Nous reprenons la typologie faite par A-M. Arborio et P. Fournier lorsqu’ils notent que « la distinction ne se fait pas entre une observation participante et une autre qui ne le serait pas, mais selon le type de « rôle de membre » forcément tenu par le chercheur dans la situation qu’il étudie, selon que ce rôle est « périphérique », « actif », « à part entière » (…).
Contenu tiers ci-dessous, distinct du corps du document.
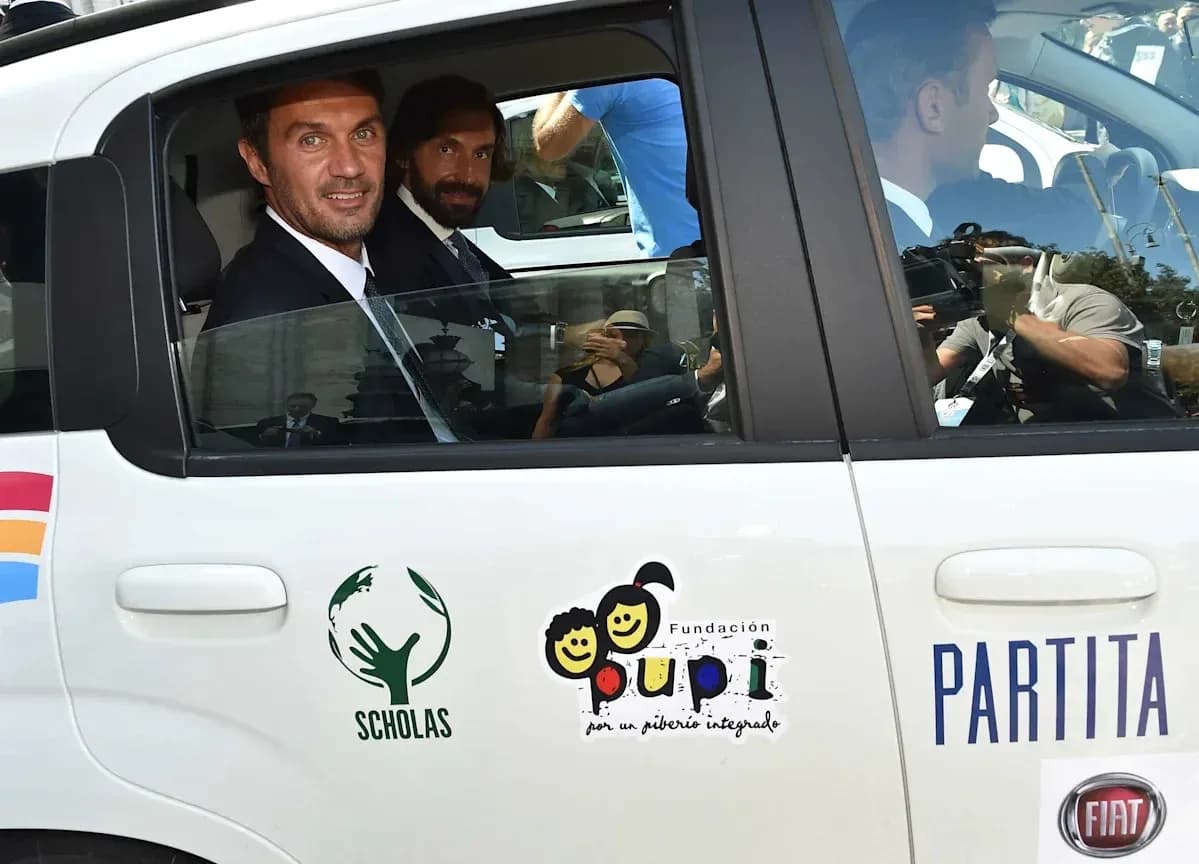 Two men in formal attire inside a car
Par opposition au rôle de membre périphérique qui permet d’observer directement sans obliger à prendre part aux activités du groupe, le choix d’un rôle de membre actif conduit à la « reconnaissance du chercheur, de la part des membres ordinaires, comme collègue » , ce qui assure une moindre perturbation de la situation observée » [A-M. Arborio et P. Fournier, L’enquête et ses méthodes : l’observation directe, Paris, Nathan, 2001, p. 85 (ils citent le texte de P.A. Adler et P. Adler : « Membership roles in field research », Sage University paper Series on Qualitative Research Methods, 1987, Vol. 6, p. 33-35.]. Cette distinction a l’intérêt de souligner que, même « non-participant », l’observateur tient nécessairement un rôle ayant des effets sur le milieu qu’il observe et protège ainsi contre l’illusion de la neutralité de sa présence.

122.

Par ailleurs, on peut noter que partager avec les jeunes footballeurs une position d’aspirant à la marge d’un champ professionnel, avec ce qu’elle constitue d’incertitude sur l’avenir, a sans doute facilité l’analyse de certains mécanismes par les analogies qu’elle permettait. Comme le soulignait P. Bourdieu, « ceux qui veulent croire de la croyance des autres se condamnent à ne ressaisir ni la vérité objective ni l’expérience subjective de la croyance : ils ne savent ni profiter de leur exclusion pour constituer comme tel le champ où s’engendre la croyance et que l’appartenance interdit d’objectiver, (…) ni tirer parti de leur appartenance à d’autres champs, comme le champ de la science, pour objectiver les jeux où s’engendrent leurs propres croyances, leurs propres investissements et s’approprier réellement, par cette objectivation participante, les expériences équivalentes de celles qu’ils ont à décrire, donc les instruments pour donner une juste description des unes et des autres » [P. Bourdieu, Le sens pratique, Op. Cit., p. 114- 115].

123.

Une certaine discrétion était alors nécessaire pour assumer cette position. D’où l’importance d’une règle que nous fixions à nos interlocuteurs : aucune information, issue des entretiens, ne serait divulguée aux entraîneurs d’un côté, et aux joueurs de l’autre.